Strategies to DAMPen COVID-19-mediated lung and systemic inflammation and vascular injury.

Pubmed ID: 33358868

Pubmed Central ID: PMC7749994

Journal: Translational research : the journal of laboratory and clinical medicine

Publication Date: June 1, 2021

MeSH Terms: Humans, Cytokines, Inflammation, Blood Coagulation Disorders, COVID-19, Respiratory Distress Syndrome, SARS-CoV-2, Nicotinamide Phosphoribosyltransferase, Alarmins, Capillary Permeability, Vascular System Injuries

Grants: P30 ES006694, K08 HL141623, R42 HL145930, R41 HL147769, P01 HL126609, R25 HL126140, R01 HL141387

Authors: Knox KS, Bime C, Garcia JGN, Camp SM, Casanova NG, Nikolich-Zugich J

Cite As: Bime C, Casanova NG, Nikolich-Zugich J, Knox KS, Camp SM, Garcia JGN. Strategies to DAMPen COVID-19-mediated lung and systemic inflammation and vascular injury.

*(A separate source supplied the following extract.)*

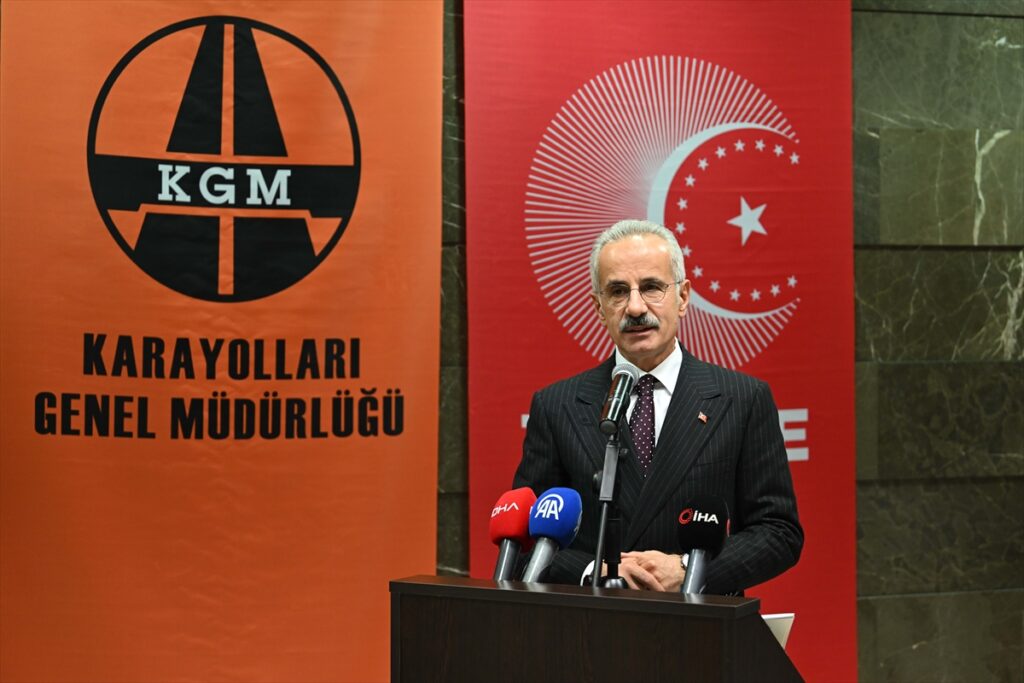 Bakan Uraloğlu, İNTES Geleneksel İftar Programı’nda konuştu:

Transl Res 2021 Jun;232:37-48. Epub 2020 Dec 20.

Studies:

Abstract

Approximately 15%-20% of patients infected with SARS-CoV-2 coronavirus (COVID-19) progress beyond mild and self-limited disease to require supplemental oxygen for severe pneumonia; 5% of COVID-19-infected patients further develop acute respiratory distress syndrome (ARDS) and multiorgan failure. Despite mortality rates surpassing 40%, key insights into COVID-19-induced ARDS pathology have not been fully elucidated and multiple unmet needs remain. This review focuses on the unmet need for effective therapies that target unchecked innate immunity-driven inflammation which drives unchecked vascular permeability, multiorgan dysfunction and ARDS mortality. Additional unmet needs including the lack of insights into factors predicting pathogenic hyperinflammatory viral host responses, limited approaches to address the vast disease heterogeneity in ARDS, and the absence of clinically-useful ARDS biomarkers. We review unmet needs persisting in COVID-19-induced ARDS in the context of the potential role for damage-associated molecular pattern proteins in lung and systemic hyperinflammatory host responses to SARS-CoV-2 infection that ultimately drive multiorgan dysfunction and ARDS mortality. Insights into promising stratification-enhancing, biomarker-based strategies in COVID-19 and non-COVID ARDS may enable the design of successful clinical trials of promising therapies.